When we first meet Ken he’s frail but optimistic, finding comfort in Klee’s abstract works. We learn Klee was also diagnosed with scleroderma five years before his death in 1940. Through good days and bad days, Ken has outlasted the odds. The film is made of personal recollections, including an incident at a dinner where he observes and makes eye contact with a patron eating a burger with gloves on that he believes was the initial “hex” that caused the onset of his first symptoms. Upon his 40th birthday and after a year of stability, his symptoms take a turn for the worst, leading to several painful procedures, including first the removal of finger cartilage to lock his fingers (which were turned inwards like claws) into a more natural position before having to take more drastic steps.

Telling the story of his own affliction, Angel Applicant is a captivating self-portrait that––like the work of graphic-designer-turned-filmmaker Mike Mills––uses everyday objects and works of art to make sense of one’s own life. Meditating on Klee’s work, Ken finds a new understanding of his own life and context, creating what feels like a cinematic letter to the future, as if Myer is leaving his own record like Klee. The film is both personal and playful, using metaphoric imagery like a piñata to explain the damage inflicted by scleroderma which attacks all organs, leaving the 40-year-old with a lung age of 143 as the skin around his knuckles starts breaking open.

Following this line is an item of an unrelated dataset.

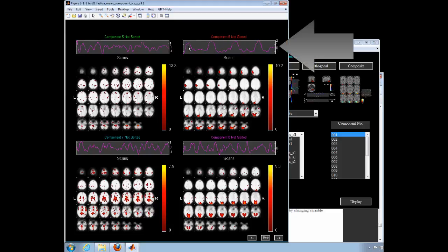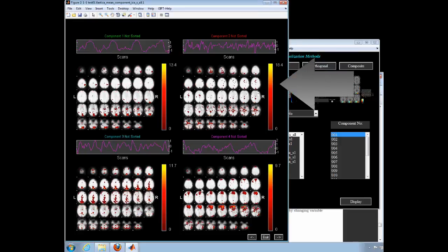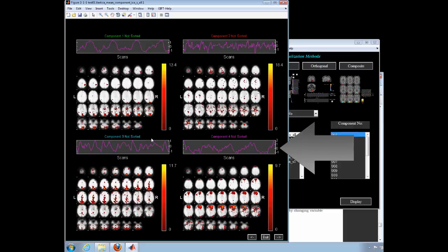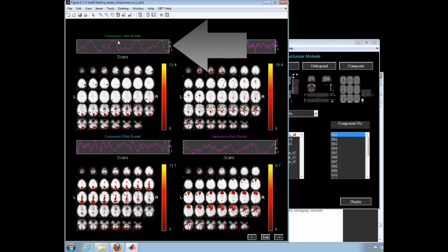The time patterns we are looking for should have a fairly smooth pattern like we see in components one and six. Component four also appears to be a predictable pattern, but it may be only transiently related to the task.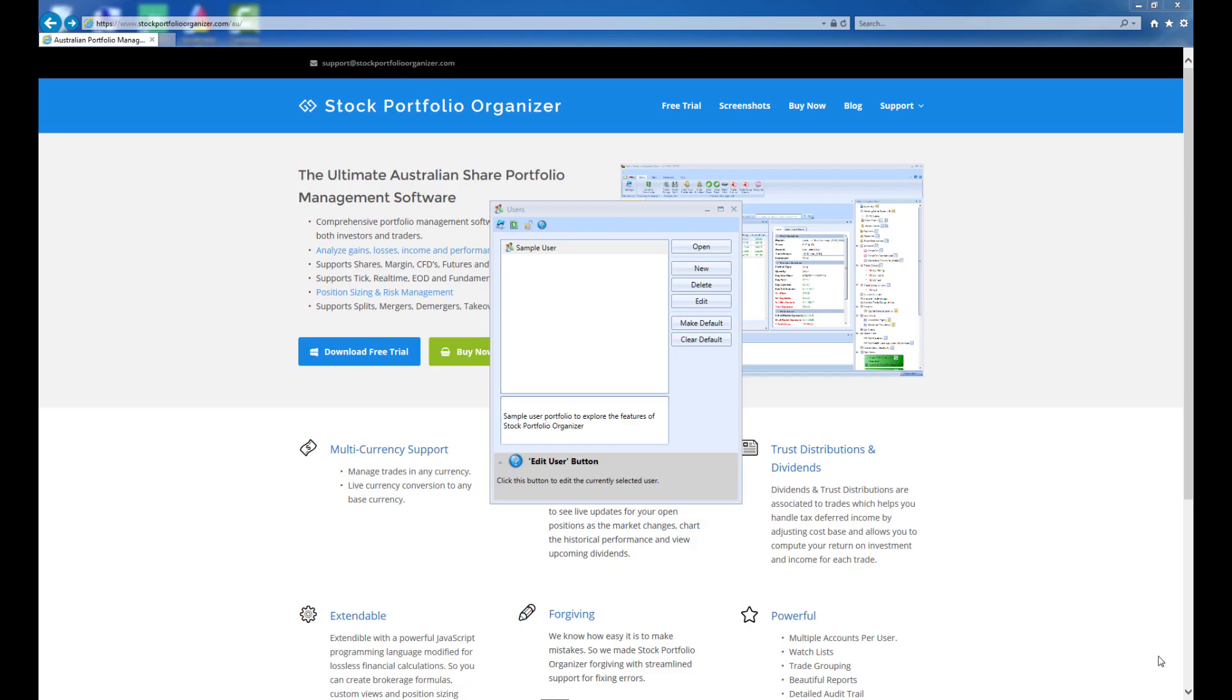Thank you for downloading and trying Stock Portfolio Organizer. In this video, I will show you how to get started with the Portfolio Manager, so you can start adding and tracking your investments. This video will use the professional version of the program, but everything you see here is equally applicable to the standard version.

Still life, as Ken tells it, is not all doom and gloom, tracing his story from early days in art school to landing his dream job at Wieden + Kennedy (listed as one of the film’s production companies). Ken finds himself living, for much of his adult life, a fairly normal way, getting married and having a daughter. The later passages are both heartbreaking and inspiring: things take a turn for the worse right after he makes a pilgrimage to Switzerland to see Klee’s work up-close. Here he reconciles the notion of angels through Klee’s 1939 painting “Angel Applicant,” made a year before the artist’s death.

A generous, personal portrait, Angel Applicant––documentary jury award winner at this year’s SXSW––is mostly about leaving a legacy. Ken’s work is far from over, and this is a rich gift––it beautifully explores Ken’s connection with Klee and his own process of healing. 

Angel Applicant premiered at SXSW 2023.